2. Practice Active Listening: One of the key components of effective collaboration is active listening. Demonstrating that you can hold a conversation without stepping on toes, focusing too much on yourself, and tuning out or not absorbing what another person is saying during the interview process is always a good idea, especially if you want to flaunt your collaborative strengths.

3. Problem Solving and Compromise: There is no such thing as effective collaboration or teamwork without solving problems and making compromises. That’s why so many employers will ask questions geared towards evaluating your ability to compromise. But, even if they don’t, go in prepared with a few examples of the compromises you’ve made in a team environment as well as problems you’ve helped solve as a team and find organic ways to bring these to the forefront.

4. Ask About the Tools They Use: As a technical professional you’re acutely aware of just how many apps and how much software is designed with effective collaboration in mind. Almost every company utilizes one or more of these tools—from Slack to Skype to Calendar Invites—and demonstrating curiosity in what tools they use as well as discussing your experience with these tools or similar tools can really show what you’re capable of when it comes to practical, everyday collaboration.
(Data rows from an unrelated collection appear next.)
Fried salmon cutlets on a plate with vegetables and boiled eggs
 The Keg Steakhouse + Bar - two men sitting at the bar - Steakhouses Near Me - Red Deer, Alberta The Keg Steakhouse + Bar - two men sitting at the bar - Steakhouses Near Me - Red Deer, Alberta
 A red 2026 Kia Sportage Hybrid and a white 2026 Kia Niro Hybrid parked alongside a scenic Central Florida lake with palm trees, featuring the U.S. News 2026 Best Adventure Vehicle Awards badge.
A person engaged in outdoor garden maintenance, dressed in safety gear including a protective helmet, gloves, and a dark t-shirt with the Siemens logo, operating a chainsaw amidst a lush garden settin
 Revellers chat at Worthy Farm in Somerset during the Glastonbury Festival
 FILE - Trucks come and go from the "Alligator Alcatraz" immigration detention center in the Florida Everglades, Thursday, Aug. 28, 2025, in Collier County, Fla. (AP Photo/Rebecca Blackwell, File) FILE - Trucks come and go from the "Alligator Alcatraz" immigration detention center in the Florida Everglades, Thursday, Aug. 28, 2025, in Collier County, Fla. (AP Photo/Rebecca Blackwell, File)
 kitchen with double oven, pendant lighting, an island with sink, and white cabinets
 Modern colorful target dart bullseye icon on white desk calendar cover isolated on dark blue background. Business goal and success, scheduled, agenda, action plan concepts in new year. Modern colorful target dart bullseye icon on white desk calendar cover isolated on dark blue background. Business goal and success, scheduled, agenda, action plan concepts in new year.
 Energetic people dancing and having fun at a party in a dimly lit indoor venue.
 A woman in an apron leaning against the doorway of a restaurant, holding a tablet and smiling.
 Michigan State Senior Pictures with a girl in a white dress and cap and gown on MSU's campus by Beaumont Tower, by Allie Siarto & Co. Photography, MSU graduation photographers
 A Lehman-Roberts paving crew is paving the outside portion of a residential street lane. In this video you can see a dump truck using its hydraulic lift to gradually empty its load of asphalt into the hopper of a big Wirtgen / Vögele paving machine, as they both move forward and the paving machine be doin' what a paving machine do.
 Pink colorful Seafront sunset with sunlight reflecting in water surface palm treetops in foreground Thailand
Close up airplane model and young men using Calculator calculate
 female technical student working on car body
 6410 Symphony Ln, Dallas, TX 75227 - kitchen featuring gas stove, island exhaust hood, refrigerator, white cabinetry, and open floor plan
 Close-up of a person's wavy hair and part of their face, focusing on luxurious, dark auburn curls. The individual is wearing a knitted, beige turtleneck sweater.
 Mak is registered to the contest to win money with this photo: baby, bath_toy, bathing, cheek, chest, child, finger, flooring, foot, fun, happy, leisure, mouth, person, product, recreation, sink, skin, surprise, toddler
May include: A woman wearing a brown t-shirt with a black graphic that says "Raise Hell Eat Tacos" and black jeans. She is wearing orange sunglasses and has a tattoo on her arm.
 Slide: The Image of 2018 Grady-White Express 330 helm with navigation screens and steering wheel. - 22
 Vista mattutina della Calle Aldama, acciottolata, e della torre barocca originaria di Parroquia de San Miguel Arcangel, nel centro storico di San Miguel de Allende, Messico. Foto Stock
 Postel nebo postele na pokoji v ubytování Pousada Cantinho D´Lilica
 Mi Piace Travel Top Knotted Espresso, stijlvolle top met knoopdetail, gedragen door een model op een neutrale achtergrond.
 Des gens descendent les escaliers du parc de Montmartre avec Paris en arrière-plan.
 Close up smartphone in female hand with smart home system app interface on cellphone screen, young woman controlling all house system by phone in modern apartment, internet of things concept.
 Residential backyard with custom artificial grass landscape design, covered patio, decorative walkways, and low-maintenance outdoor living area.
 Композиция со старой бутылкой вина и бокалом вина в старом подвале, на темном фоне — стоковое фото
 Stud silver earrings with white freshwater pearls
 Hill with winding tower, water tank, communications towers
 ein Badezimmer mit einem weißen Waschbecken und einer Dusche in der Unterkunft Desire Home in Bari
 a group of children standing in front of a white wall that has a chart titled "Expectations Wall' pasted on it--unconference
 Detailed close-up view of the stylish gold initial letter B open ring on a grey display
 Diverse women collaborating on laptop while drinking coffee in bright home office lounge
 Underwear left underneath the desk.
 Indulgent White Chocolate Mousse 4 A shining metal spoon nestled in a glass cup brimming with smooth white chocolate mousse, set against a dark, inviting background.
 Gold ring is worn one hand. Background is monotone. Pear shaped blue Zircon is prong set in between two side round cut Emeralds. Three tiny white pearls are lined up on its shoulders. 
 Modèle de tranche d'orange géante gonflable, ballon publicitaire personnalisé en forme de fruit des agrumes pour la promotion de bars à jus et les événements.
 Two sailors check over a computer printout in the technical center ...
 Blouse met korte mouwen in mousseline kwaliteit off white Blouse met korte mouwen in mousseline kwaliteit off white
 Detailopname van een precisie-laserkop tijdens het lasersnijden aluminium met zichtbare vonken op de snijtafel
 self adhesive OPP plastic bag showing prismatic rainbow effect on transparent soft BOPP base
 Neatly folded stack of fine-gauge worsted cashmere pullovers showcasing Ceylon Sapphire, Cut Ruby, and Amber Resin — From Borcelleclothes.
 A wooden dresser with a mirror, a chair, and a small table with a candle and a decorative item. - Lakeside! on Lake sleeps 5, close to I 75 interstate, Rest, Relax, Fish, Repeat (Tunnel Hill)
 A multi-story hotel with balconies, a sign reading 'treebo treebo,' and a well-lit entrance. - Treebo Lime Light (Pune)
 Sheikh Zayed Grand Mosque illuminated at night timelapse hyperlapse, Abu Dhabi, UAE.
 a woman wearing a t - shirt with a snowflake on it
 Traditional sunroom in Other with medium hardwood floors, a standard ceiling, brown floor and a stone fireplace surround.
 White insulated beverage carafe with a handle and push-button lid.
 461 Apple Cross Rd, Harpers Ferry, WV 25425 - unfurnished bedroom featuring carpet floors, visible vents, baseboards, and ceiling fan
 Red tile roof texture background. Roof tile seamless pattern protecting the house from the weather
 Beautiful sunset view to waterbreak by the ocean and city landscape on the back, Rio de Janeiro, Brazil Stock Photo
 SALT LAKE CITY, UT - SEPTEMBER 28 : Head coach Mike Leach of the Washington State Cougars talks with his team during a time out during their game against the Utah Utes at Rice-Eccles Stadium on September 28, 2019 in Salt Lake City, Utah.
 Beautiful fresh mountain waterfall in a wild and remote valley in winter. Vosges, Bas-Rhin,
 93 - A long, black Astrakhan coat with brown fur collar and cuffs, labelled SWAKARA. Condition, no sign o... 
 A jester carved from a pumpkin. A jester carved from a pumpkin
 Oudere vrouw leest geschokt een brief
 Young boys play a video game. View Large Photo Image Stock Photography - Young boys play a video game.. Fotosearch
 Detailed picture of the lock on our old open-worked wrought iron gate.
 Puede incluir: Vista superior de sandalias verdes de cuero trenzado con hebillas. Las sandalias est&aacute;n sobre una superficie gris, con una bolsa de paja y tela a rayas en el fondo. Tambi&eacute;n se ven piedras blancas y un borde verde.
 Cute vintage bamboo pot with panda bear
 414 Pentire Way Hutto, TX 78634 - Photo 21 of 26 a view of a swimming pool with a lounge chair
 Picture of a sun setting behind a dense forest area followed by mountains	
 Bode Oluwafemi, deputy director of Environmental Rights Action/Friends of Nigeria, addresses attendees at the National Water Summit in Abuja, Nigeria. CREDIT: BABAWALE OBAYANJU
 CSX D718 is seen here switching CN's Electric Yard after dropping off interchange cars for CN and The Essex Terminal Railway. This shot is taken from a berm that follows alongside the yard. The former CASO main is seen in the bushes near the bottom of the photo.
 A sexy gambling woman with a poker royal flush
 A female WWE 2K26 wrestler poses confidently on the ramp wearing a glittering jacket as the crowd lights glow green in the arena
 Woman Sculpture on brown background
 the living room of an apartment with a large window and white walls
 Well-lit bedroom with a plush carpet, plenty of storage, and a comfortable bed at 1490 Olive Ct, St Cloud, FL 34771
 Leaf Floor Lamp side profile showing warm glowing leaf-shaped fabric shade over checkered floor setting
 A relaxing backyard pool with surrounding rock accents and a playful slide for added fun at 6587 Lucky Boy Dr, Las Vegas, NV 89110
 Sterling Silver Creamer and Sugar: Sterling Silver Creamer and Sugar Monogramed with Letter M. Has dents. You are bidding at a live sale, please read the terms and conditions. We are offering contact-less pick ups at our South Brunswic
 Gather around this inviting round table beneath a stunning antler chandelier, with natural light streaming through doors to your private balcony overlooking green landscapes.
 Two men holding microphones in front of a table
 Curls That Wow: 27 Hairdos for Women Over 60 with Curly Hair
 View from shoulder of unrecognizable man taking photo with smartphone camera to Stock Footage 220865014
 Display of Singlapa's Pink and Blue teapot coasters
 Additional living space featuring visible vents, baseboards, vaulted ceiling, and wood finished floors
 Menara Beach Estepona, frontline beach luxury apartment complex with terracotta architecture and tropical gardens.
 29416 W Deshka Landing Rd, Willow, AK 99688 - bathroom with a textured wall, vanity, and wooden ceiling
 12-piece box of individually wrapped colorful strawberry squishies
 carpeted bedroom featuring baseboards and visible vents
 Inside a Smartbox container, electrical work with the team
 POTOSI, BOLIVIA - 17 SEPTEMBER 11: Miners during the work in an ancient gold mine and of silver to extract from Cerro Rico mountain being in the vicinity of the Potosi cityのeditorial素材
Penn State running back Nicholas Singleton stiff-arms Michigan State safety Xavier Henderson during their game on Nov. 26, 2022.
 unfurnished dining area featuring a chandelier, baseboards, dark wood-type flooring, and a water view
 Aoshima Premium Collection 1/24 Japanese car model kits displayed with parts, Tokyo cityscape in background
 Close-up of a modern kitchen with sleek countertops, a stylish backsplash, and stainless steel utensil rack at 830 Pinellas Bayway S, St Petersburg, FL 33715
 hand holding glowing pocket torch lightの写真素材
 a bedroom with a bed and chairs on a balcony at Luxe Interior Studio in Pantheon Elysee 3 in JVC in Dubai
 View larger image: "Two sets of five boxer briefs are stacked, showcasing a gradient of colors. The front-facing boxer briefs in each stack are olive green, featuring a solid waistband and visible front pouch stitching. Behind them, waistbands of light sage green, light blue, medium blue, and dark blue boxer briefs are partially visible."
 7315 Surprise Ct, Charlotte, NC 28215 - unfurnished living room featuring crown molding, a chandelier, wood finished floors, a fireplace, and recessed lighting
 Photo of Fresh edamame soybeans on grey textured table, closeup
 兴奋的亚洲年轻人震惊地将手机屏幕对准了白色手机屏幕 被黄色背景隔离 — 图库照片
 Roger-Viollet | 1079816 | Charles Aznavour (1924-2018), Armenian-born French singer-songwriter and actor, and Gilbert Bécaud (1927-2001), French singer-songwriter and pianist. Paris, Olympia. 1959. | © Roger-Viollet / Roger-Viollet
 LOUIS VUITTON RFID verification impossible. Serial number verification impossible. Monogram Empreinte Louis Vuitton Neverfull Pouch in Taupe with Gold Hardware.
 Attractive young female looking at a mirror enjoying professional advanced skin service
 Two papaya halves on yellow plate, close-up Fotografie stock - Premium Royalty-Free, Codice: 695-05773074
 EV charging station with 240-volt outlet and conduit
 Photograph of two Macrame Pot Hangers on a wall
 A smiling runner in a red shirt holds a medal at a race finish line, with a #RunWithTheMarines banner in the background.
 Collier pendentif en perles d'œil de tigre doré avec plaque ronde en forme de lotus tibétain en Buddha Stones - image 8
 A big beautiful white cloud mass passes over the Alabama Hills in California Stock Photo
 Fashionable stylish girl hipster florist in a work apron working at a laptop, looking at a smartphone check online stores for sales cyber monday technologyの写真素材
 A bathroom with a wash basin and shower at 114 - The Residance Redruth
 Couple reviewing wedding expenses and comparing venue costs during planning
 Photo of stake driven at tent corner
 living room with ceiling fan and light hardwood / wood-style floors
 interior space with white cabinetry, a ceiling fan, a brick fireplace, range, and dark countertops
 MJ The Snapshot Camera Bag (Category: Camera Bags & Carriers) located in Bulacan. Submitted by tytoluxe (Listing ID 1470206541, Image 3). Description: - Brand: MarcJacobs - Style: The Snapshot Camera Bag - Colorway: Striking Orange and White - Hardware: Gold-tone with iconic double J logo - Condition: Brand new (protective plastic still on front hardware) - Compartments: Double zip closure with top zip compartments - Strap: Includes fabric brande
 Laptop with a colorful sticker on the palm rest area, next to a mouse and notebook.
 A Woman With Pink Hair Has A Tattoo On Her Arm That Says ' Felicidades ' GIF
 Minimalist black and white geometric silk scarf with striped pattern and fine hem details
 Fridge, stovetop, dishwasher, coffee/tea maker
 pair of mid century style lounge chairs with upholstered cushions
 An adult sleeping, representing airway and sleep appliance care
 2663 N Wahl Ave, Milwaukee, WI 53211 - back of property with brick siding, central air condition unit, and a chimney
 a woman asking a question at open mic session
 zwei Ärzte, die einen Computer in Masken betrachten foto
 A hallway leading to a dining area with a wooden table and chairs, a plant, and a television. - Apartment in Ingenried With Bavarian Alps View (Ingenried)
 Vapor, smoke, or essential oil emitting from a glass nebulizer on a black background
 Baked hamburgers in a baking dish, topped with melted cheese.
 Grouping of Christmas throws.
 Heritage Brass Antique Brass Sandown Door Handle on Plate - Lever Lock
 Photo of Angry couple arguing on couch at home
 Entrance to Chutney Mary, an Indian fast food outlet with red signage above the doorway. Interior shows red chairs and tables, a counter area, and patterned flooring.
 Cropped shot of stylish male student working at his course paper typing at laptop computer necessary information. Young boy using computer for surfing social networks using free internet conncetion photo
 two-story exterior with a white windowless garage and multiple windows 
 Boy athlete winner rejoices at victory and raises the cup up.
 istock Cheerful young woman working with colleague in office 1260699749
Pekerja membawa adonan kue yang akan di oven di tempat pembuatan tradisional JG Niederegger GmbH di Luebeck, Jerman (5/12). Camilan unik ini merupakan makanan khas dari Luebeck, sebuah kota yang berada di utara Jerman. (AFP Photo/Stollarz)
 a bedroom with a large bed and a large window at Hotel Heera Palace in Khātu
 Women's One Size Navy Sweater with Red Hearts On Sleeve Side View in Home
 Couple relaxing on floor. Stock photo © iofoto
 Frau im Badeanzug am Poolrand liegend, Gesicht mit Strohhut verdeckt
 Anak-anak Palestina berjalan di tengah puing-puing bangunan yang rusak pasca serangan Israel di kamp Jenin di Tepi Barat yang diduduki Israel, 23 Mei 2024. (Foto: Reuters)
5. Time Management and Reliability: While time management and reliability are soft skills you might want to emphasize during an interview anyways, they’re also essential components of effective collaboration. If you want to paint a picture of your overall collaborative strengths, make sure you mention and offer stories about times when others relied on you, how your time management strengths led to added value in your current or previous job, and how these strengths impacted your collaborators overall.

Collaboration is an essential soft skill for a lot of technical professionals, but you may not be effectively highlighting your collaboration skills during an interview. If you hit all of the five points above, you’ll demonstrate to employers that you can be a great team player and a collaborative addition to their existing team.